A explosão foi imediata. Waldemar viu a Vênus voar para o nada, cair, levantar de novo e rodar em chamas. A girar, a girar, talvez procurando o caminho do mar, mas já não conseguia achar. Correu para eles, uma pira estridente sem rumo, os gestos de possessa, o rosto trincado da dor. Ele, que já não era mais ele, viu que ela já não era mais ela. Caiu de joelhos. À sua frente, os olhos fora das órbitas, a pele rubra e negra, uma descamação de árvore velha, o urro dos danados. Caiu nas palhas secas, que se juntaram ao inferno. Waldemar contemplando a crescente deformação. A bela é a horrível. A beleza pousa nas pessoas como uma borboleta, e logo as abandona. Waldemar não pensou, mas compreendeu.
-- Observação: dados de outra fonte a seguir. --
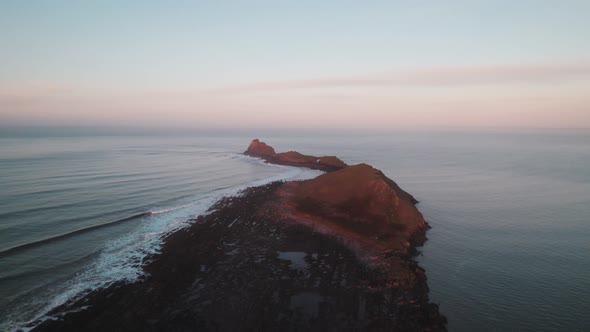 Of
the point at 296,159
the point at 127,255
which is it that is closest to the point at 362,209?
the point at 127,255

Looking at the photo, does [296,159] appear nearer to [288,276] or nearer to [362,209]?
[362,209]

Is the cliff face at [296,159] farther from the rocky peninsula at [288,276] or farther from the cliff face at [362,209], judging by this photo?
the rocky peninsula at [288,276]

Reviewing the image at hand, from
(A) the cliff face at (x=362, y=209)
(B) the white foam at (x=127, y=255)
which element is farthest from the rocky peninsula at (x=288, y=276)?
(B) the white foam at (x=127, y=255)

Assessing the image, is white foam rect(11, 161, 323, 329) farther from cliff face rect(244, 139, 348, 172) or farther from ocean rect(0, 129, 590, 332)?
cliff face rect(244, 139, 348, 172)

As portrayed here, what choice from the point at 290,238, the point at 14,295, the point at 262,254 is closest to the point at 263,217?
the point at 290,238

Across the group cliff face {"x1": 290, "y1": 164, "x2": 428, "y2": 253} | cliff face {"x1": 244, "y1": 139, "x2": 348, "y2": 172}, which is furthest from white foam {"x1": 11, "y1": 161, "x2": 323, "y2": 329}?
cliff face {"x1": 244, "y1": 139, "x2": 348, "y2": 172} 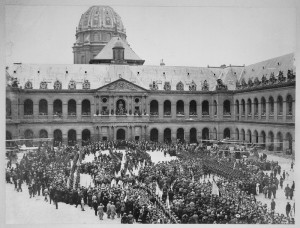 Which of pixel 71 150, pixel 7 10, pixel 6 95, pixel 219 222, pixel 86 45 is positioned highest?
pixel 86 45

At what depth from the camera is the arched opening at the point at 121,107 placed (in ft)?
134

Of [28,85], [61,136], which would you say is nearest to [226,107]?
[61,136]

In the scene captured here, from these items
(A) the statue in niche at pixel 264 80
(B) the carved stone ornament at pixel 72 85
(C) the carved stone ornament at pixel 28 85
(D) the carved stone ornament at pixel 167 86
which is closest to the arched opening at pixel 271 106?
(A) the statue in niche at pixel 264 80

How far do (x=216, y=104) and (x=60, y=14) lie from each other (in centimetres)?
2362

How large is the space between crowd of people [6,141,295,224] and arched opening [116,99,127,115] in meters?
11.2

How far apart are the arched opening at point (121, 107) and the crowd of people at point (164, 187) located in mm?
11231

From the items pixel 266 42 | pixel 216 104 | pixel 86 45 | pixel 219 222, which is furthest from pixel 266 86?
pixel 86 45

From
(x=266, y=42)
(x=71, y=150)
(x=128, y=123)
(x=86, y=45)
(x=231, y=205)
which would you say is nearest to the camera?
(x=231, y=205)

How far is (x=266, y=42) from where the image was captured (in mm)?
23031

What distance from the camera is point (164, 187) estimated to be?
2161 cm

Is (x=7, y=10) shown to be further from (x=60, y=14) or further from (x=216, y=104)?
(x=216, y=104)

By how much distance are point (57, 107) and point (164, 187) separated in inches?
858

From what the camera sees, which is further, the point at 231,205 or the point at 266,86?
the point at 266,86

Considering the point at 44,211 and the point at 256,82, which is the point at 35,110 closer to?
the point at 44,211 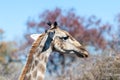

- Vamos logo, Waldemar, precisamos salvar você.
- Salvar?... a mim?
- Sim, quando a polícia achar, não vai entender nada.
- Mas foi você quem fez isso...
- Claro que foi você. Há algumas horas antes, você tentou explodir o posto de gasolina, todo mundo viu. Não teve êxito. Aí queimou a primeira que encontrou. É só eu abrir o bico e eles ligam os fatos.
- Catarina!
- Entra no carro, imbecil, vou te salvar.
Waldemar entrou como um velho urso obediente. Dona Catarina deu partida. Ele nem prestou atenção que ela falava ao celular. Só olhava a fogueira que deixava. Que deixou.
- Catarina, vamos voltar pra casa – soluçou.
- Sim, pintinho, já estamos indo, mas antes, vamos passar no consultório do dr. Petrônio Aguiar, acabei de marcar a consulta. Você fica na sala de espera. Vai ser rapidinho. Vou falar sobre o ajeitamento da minha bunda. O preço, vou pedir pra ele dividir. Depois a gente vai pra casa, tá?  Eu te amo.

4 comentários:

wair de paula disse...

Uma yogue imolada numa praia deserta brasileira...adorei. forte abraço

Nelson disse...

Obrigado, Wair.

wair de paula disse...

mas uma yogue calipigia provocante - e ainda por cima exibicionista - não seria um contrasenso?(só para provocar)

Nelson disse...

Conheço as iogues aqui no Rio de Janeiro que são exatamente isso. Ao invés de ser espírito, foi ser carne. Daí a punição. Não esqueça que sou católico.